Lors de la crise agricole, le gouvernement avait choisi de mettre « sur pause » le plan Ecophyto de réduction des produits phytosanitaires, dont le principal indicateur, le Nodu, est accusé par les agriculteurs de ne pas refléter les efforts déjà consentis par la profession. La FNSEA se satisfait donc de son remplacement par l’indicateur européen, le HRI1, comme nouvel outil de référence.

Un avis que ne partagent pas les ONG qui voient la relégation du Nodu comme une volonté du gouvernement de camoufler « 15 ans d’échecs ». Selon François Veillerette de Générations futures, « changer le Nodu » reviendrait à « changer la nature du plan » Ecophyto puisqu’abandonner cet outil de mesure ne permettrait plus d’évaluer de façon cohérente la trajectoire de réduction des pesticides, censés diminuer de moitié d’ici 2030 par rapport à 2015-2017. Un objectif pourtant réaffirmé par Gabriel Attal ce mercredi.

Le HRI1, récent outil européen, est « un très mauvais indicateur » car il « suit la dangerosité des substances actives estimée ’a priori’ » et « ne documente pas du tout les effets de cette substance une fois qu’elle est sous forme de pesticide mise dans la nature », abonde Jean Burkard, directeur du plaidoyer chez WWF France.
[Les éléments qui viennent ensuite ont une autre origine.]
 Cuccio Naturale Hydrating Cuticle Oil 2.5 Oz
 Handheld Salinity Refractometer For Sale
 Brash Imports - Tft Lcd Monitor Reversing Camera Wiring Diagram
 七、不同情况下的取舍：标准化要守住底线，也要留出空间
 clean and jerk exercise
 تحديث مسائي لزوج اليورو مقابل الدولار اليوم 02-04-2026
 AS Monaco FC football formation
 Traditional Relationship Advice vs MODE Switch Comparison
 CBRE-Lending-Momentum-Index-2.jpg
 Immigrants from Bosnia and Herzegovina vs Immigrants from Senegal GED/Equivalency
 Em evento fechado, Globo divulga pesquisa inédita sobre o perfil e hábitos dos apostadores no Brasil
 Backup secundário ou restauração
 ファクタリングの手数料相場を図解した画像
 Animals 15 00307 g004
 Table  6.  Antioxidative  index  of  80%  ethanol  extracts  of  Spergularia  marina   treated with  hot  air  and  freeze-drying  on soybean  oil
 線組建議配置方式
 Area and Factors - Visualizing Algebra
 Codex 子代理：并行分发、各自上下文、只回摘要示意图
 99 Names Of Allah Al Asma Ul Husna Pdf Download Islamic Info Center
Ce que partage également François Veillerette dans un tweet outré après les annonces du Premier ministre, renommé au passage par Générations Futures « le champion de l’agrochimie ». « Le gouvernement a décidé d’écouter exclusivement les demandes de la FNSEA, ignorant les voix de la société civile et les autres voix du monde paysan », dénonce aussi Greenpeace dans un communiqué.

Une réaction partagée par de nombreux élus écologistes, à l’instar de Marine Tondelier qui a dénoncé le sacrifice de Nodu et d’Ecophyto, « victime expiatoire du gouvernement, proposée en offrande aux agriculteurs alors que ce n’était pas leur demande ».

Cette colère est également partagée par la Confédération paysanne, troisième force syndicale du secteur agricole. Pour elle, les modifications d’indicateurs vont « à l’inverse du principe de simplification » et visent à réduire « artificiellement » l’usage des pesticides, sans réels « changement de pratiques » agricoles. Il faut dire que ce mouvement né des luttes paysannes altermondialistes prône un modèle agroécologique. Tout l’inverse de la FNSEA.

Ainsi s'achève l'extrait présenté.